Gitar, mızıka ve zil eşliğinde şarkılar seslendiren ve etrafında onlarca kişiyi toplayan İlker, yasaklar için, "Bilmiyorum ama anlayan anlar kafalar çok fena kafalar" diyor.

İstanbul'un geçen yıl Kültür Başkenti olduğunu hatırlatan İlker, "Sokak müziği başlı başına bir kültür. Farklı bir felsefesi var, farklı çıkış noktaları var, yani çoğu insan bunu dilencilik olarak görüyor, ama bu öyle değil çok farklı bir şey. Bana para atan her insan bunu kültürel bulduğu için, yoldan geçerken bu müziği duyduğunda mutlu olduğu için yapıyor. Sonuçta beğenildiği için bunu yapıyor. Sonuçta sigara yasağına bile anlam verdik, ama ben buna anlam veremedim, yasaklanmasına" şeklinde konuşuyor.

'MÜZİSYENLERİ MASA SANDILAR'

Sokakta müzik yaparak birbirleriyle tanıştıklarını anlatan Amesha Spenta grubunun elemanları, "Masalarla sandalyelerle beraber geçen akşam müzisyen arkadaşları da toplamışlar enstrümanlarıyla beraber. Masa sandalye sandılar onları herhalde" diyerek yaşananları anlatıyor.

Daha önceden de sokakta tiyatro yapanların gözaltına alındığını belirten Amesha Spenta yaşadıklarını şu şekilde dile getiriyor:

"Pandomimci arkadaşlarımızı gözaltına almışlardı. Biz de iki yıl önce bir hafta içinde iki kez ceza yedik üç kişi.

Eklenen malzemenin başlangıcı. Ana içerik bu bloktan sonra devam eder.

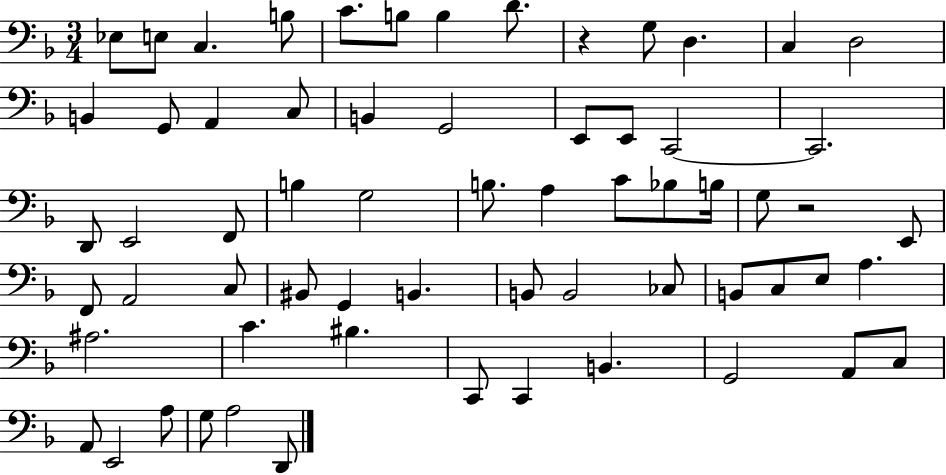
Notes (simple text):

Eb3/e E3/e C3/q. B3/e C4/e. B3/e B3/q D4/e. R/q G3/e D3/q. C3/q D3/h B2/q G2/e A2/q C3/e B2/q G2/h E2/e E2/e C2/h C2/h. D2/e E2/h F2/e B3/q G3/h B3/e. A3/q C4/e Bb3/e B3/s G3/e R/h E2/e F2/e A2/h C3/e BIS2/e G2/q B2/q. B2/e B2/h CES3/e B2/e C3/e E3/e A3/q. A#3/h. C4/q. BIS3/q. C2/e C2/q B2/q. G2/h A2/e C3/e A2/e E2/h A3/e G3/e A3/h D2/e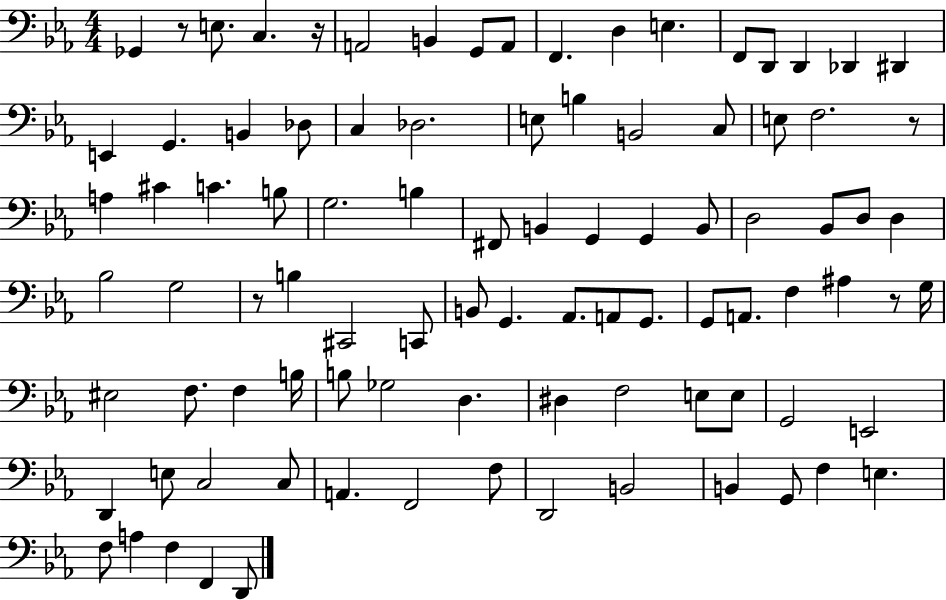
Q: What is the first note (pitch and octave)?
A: Gb2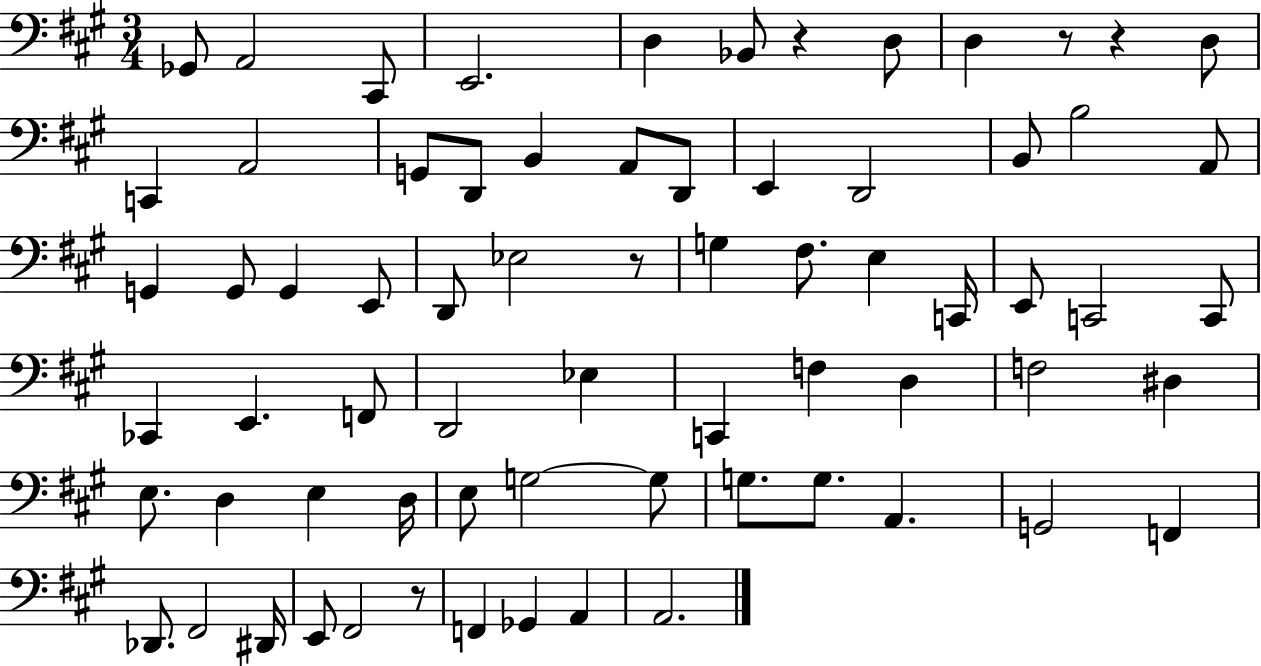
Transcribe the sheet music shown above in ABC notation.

X:1
T:Untitled
M:3/4
L:1/4
K:A
_G,,/2 A,,2 ^C,,/2 E,,2 D, _B,,/2 z D,/2 D, z/2 z D,/2 C,, A,,2 G,,/2 D,,/2 B,, A,,/2 D,,/2 E,, D,,2 B,,/2 B,2 A,,/2 G,, G,,/2 G,, E,,/2 D,,/2 _E,2 z/2 G, ^F,/2 E, C,,/4 E,,/2 C,,2 C,,/2 _C,, E,, F,,/2 D,,2 _E, C,, F, D, F,2 ^D, E,/2 D, E, D,/4 E,/2 G,2 G,/2 G,/2 G,/2 A,, G,,2 F,, _D,,/2 ^F,,2 ^D,,/4 E,,/2 ^F,,2 z/2 F,, _G,, A,, A,,2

Çevreyi rahatsız etmekten ceza kestiler, polis puanla çalışıyordu. Puan prim olarak yansıyordu. Bir tinerciyi günde 15 kez alıp saldıklarını biliyorum.

Kabahatlar Kanunu çok garip. Sokakta bir köpeği tekmeleyerek öldür o adamın vereceği ceza 70 TL, sokakta müzik yap vereceğin ceza o adamla aynı. Sokakta müzik yapan insanları o şekilde görüyorlar. Kabahatler Kanunu'na göre bizi problem olarak görüp o kapsama alıyorlar."

'BURADA OLMAZSA BAŞKA SOKAKTA'

Bu yasağa rağmen sokağı terk etmeyeceklerini dile getiren müzisyenlerden Necati amca, "Burada çalmazsak başka tarafta çalacağız. İstiklal Caddesi olmadı da Aksaray olur, Aksaray olmazsa Kadıköy olur, olmadı Üsküdar olur neticede bir yerde çalacağız işte" diyor.

'EN GÜZEL CEVAP SOKAĞA DEVAM ETMEK'

Bu duruma karşı kurulacak platformların içinde yer alacaklarını ifade eden Amesha Spenta yasaklara karşı son noktayı şu sözlerle koyuyor:

"Onların bu baskısına rağmen yine de sokakta olmak aslında en güzel eylem. 6 yıldır sokakta müzik yapıyoruz. 6 yıl boyunca bu hep sürekli olan bir şey. Ara ara gelen bir durum onlara en güzel cevap sokağa her daim devam etmek."